From the records below, output exactly the lines starting at the line with "الأسهم الأمريكية تهبط" and ending at the line with "283 Munn Way, Leduc, AB", both of them included, but no pictures.

Recorded information Block Start

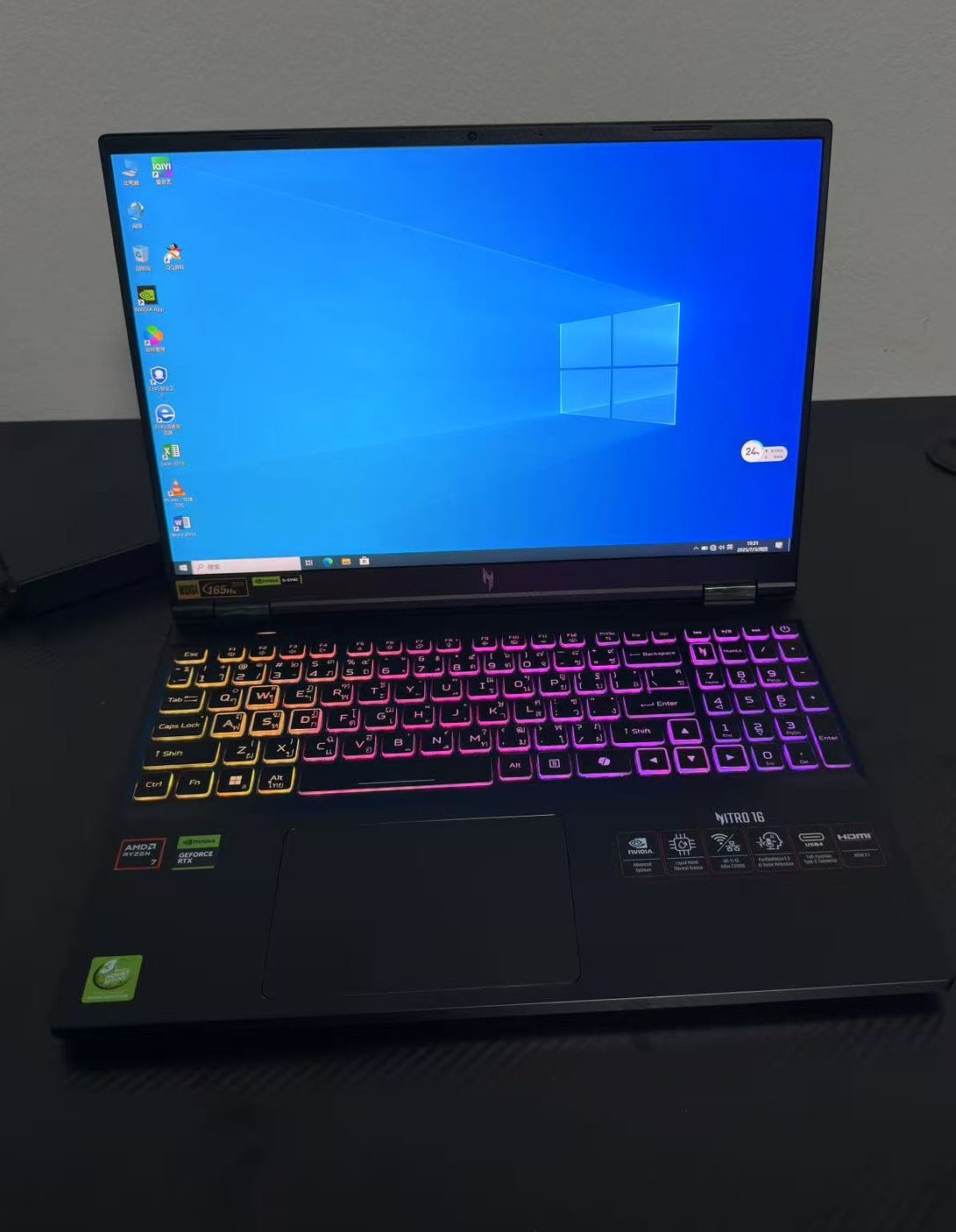 Acer/宏碁 暗影骑士·龙AMD 新锐龙 Ryzen 7 8845HS 16英寸 RTX4050独显直连高色域165Hz高刷屏2.5K游戏笔记本电脑
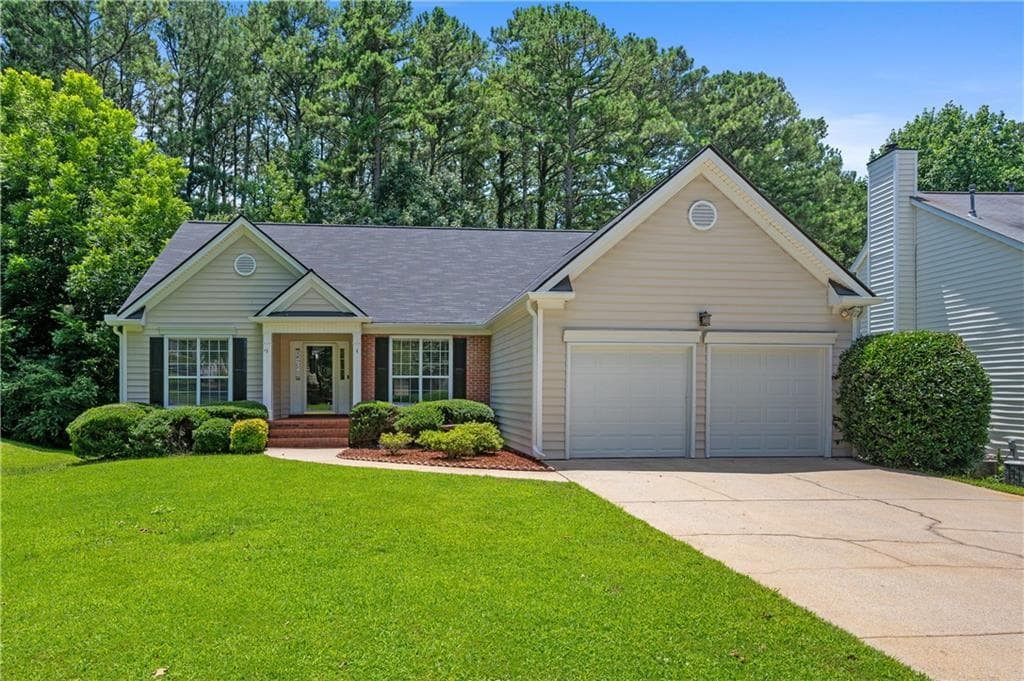 4 bedroom, 3 bathroom, 3,805 sq ft single family residence for sale at 2481 Insdale Trace, Acworth, GA 30101 — photo 1 of 57
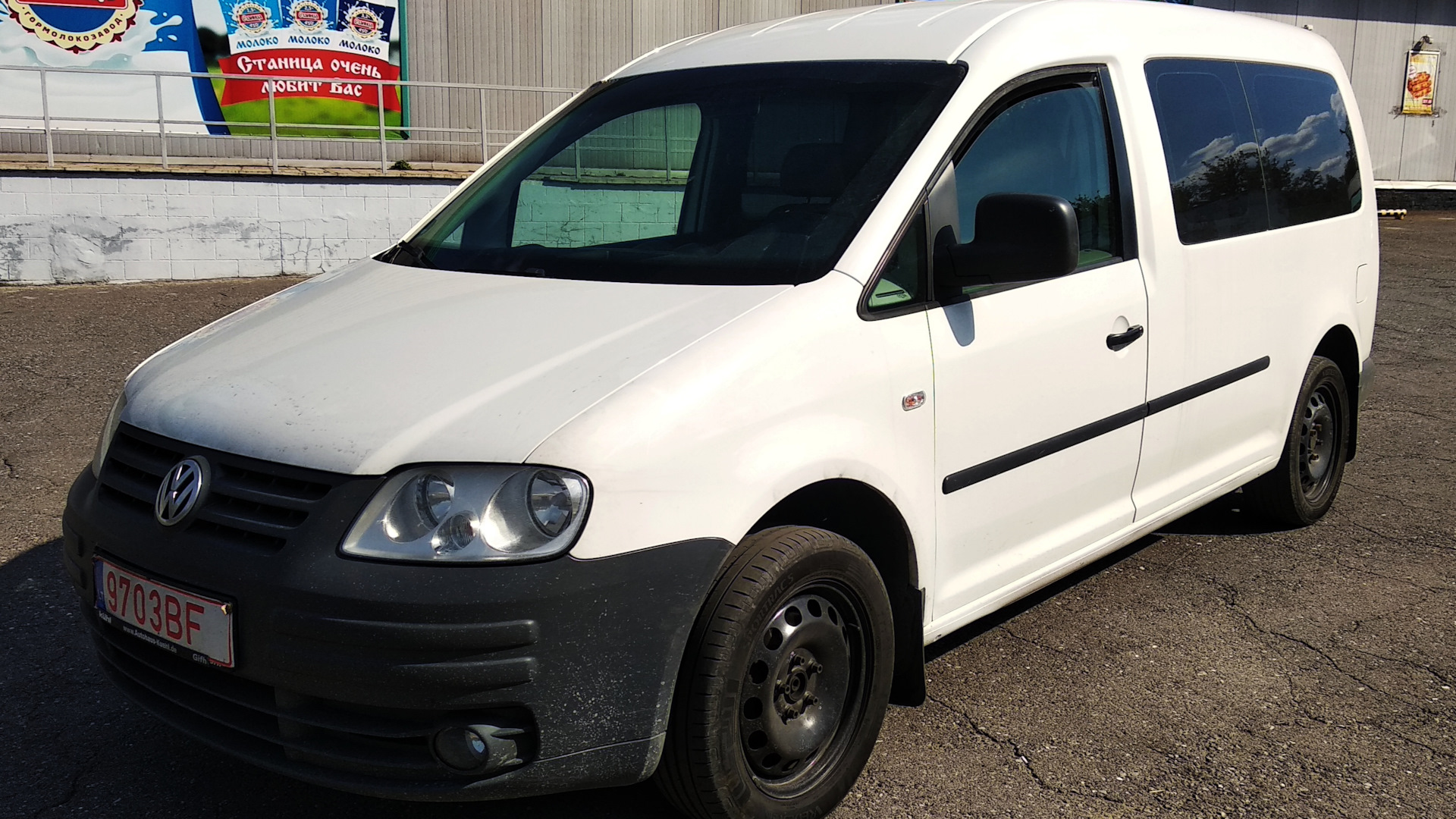 Volkswagen Caddy (3G) 1.6 бензиновый 2008 | Long и семеро козлят на DRIVE2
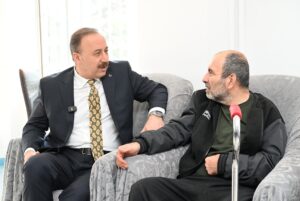Vali Abdullah Erin’den Uluborlu İbrahim Etem Erbil Bakım Rehabilitasyon Merkezi’ne Ziyaret SaveClip.App 482920573 18461711479070620 2751250943801489908 n
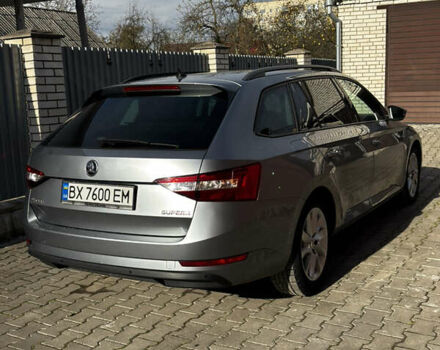 Серый Шкода Суперб, объемом двигателя 2 л и пробегом 210 тыс. км за 12800 $, фото 2 на Automoto.ua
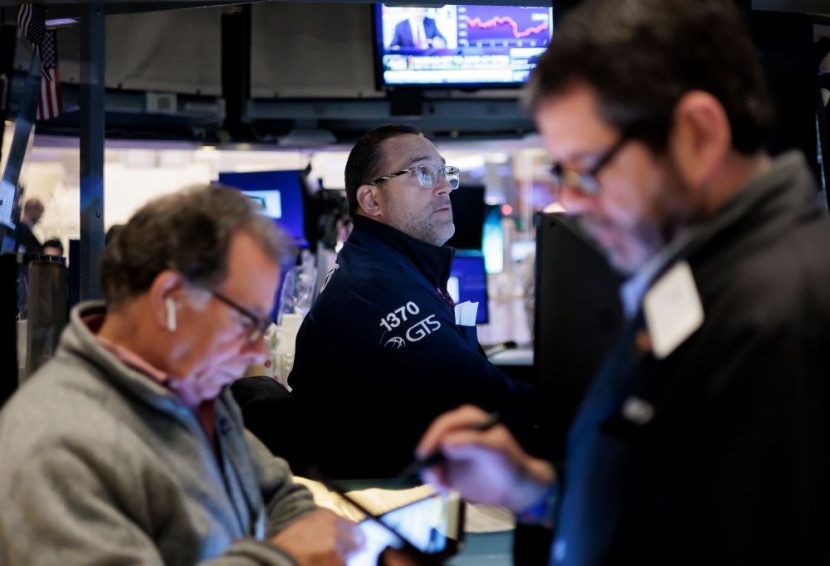 الأسهم الأمريكية تهبط وسط مخاوف من موعد بدء الفيدرالي خفض أسعار الفائدة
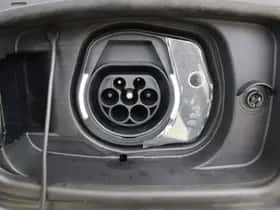 Jeep Renegade (2025) thumbnail 38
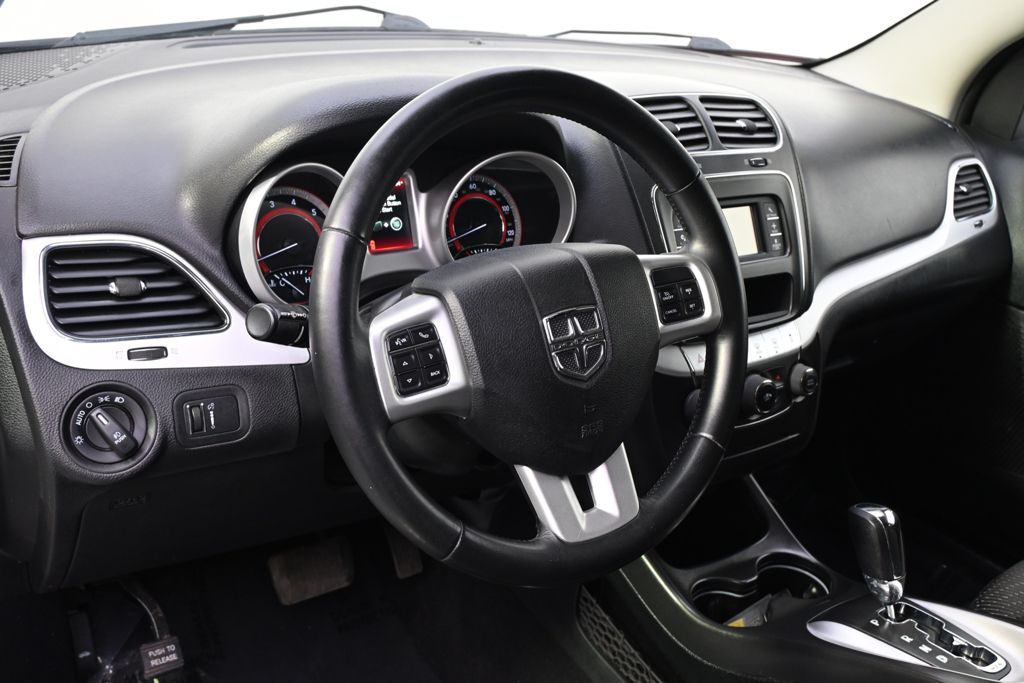 Used 2017 White Dodge SXT image 11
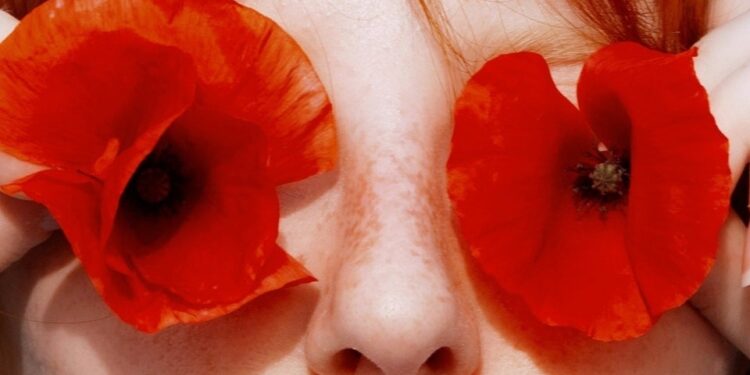 EMDR: The Therapy Treatment That Miley Cyrus Says Saved Her Life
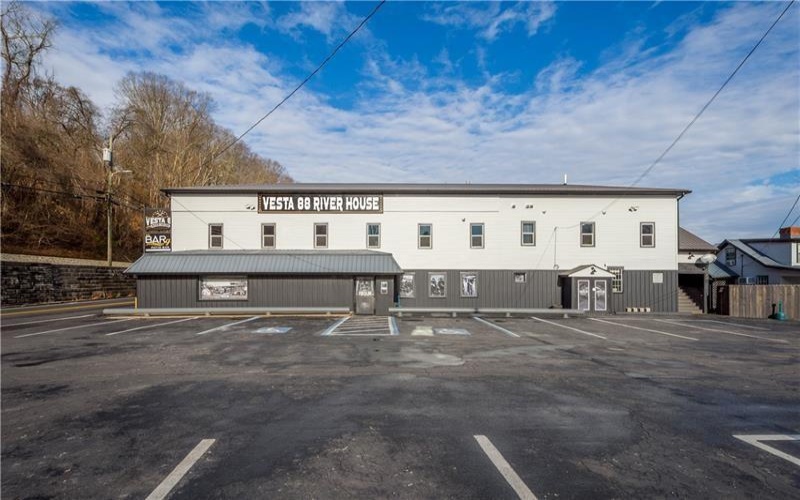 564 Front St, Fredericktown, 15333, ,Commercial-industrial-business,For Sale,Front St,1741057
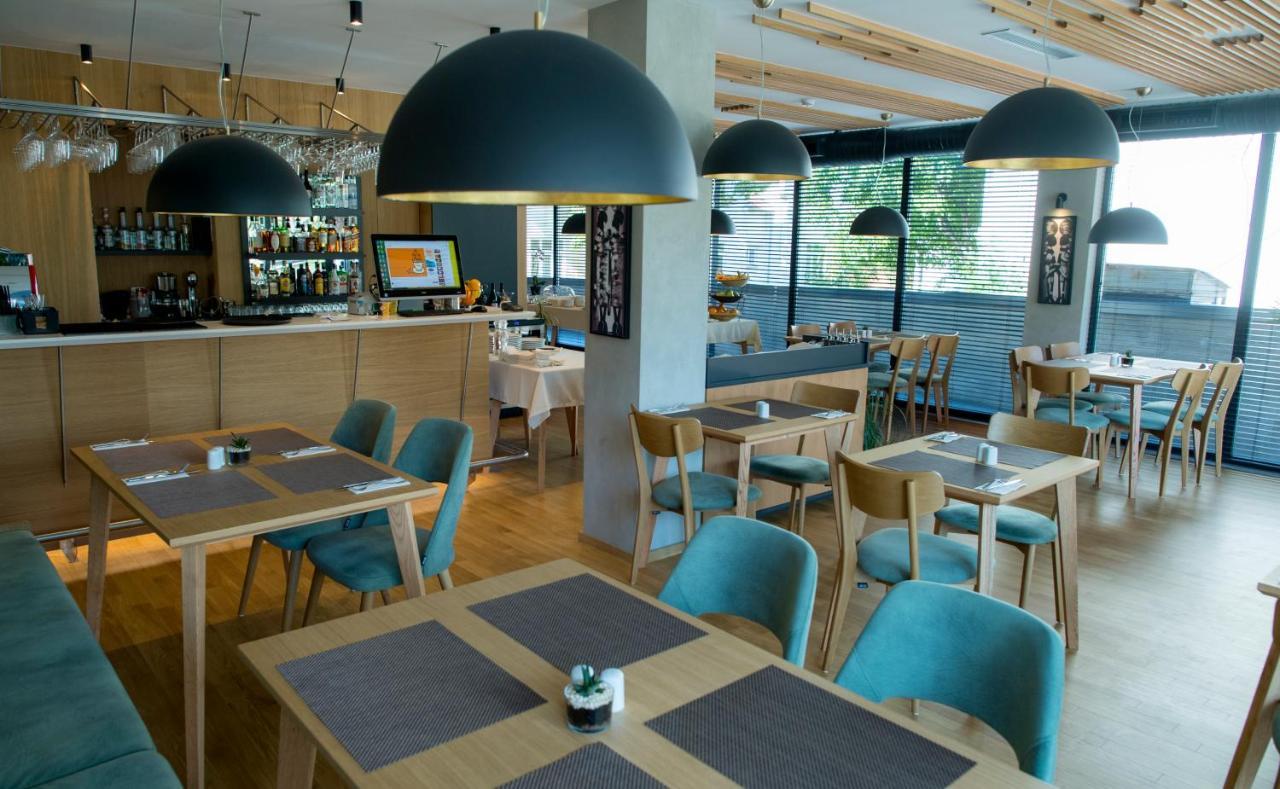 City Inn Приштина Экстерьер фото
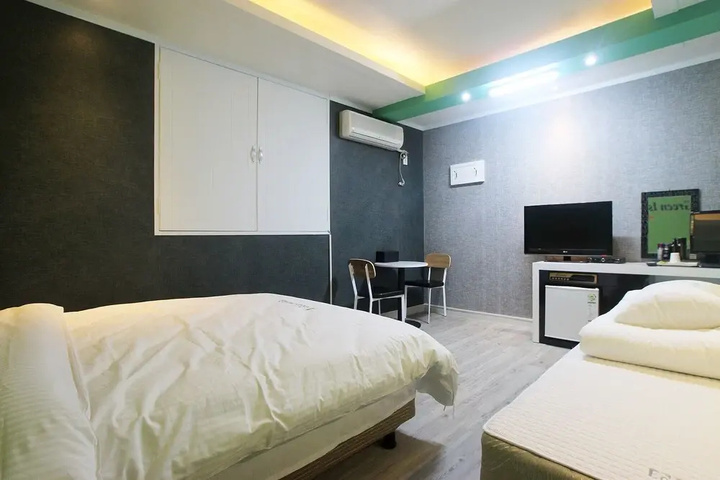 Room 18 of 21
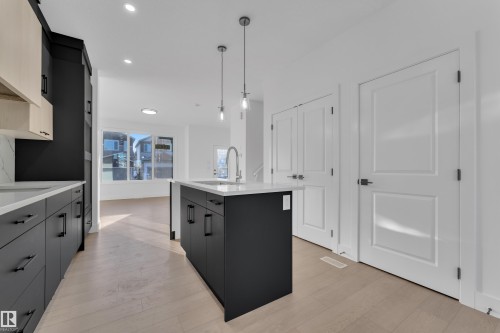 283 Munn Way, Leduc, AB - Indoor Photo Showing Kitchen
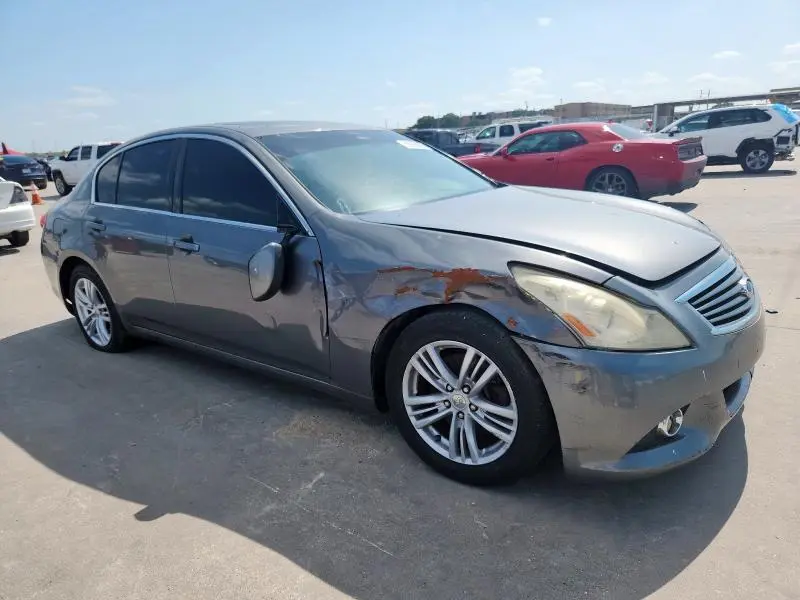 2013 INFINITI G37 BASE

Recorded information Block End

> _Result_:
 الأسهم الأمريكية تهبط وسط مخاوف من موعد بدء الفيدرالي خفض أسعار الفائدة
 Jeep Renegade (2025) thumbnail 38
 Used 2017 White Dodge SXT image 11
 EMDR: The Therapy Treatment That Miley Cyrus Says Saved Her Life
 564 Front St, Fredericktown, 15333, ,Commercial-industrial-business,For Sale,Front St,1741057
 City Inn Приштина Экстерьер фото
 Room 18 of 21
 283 Munn Way, Leduc, AB - Indoor Photo Showing Kitchen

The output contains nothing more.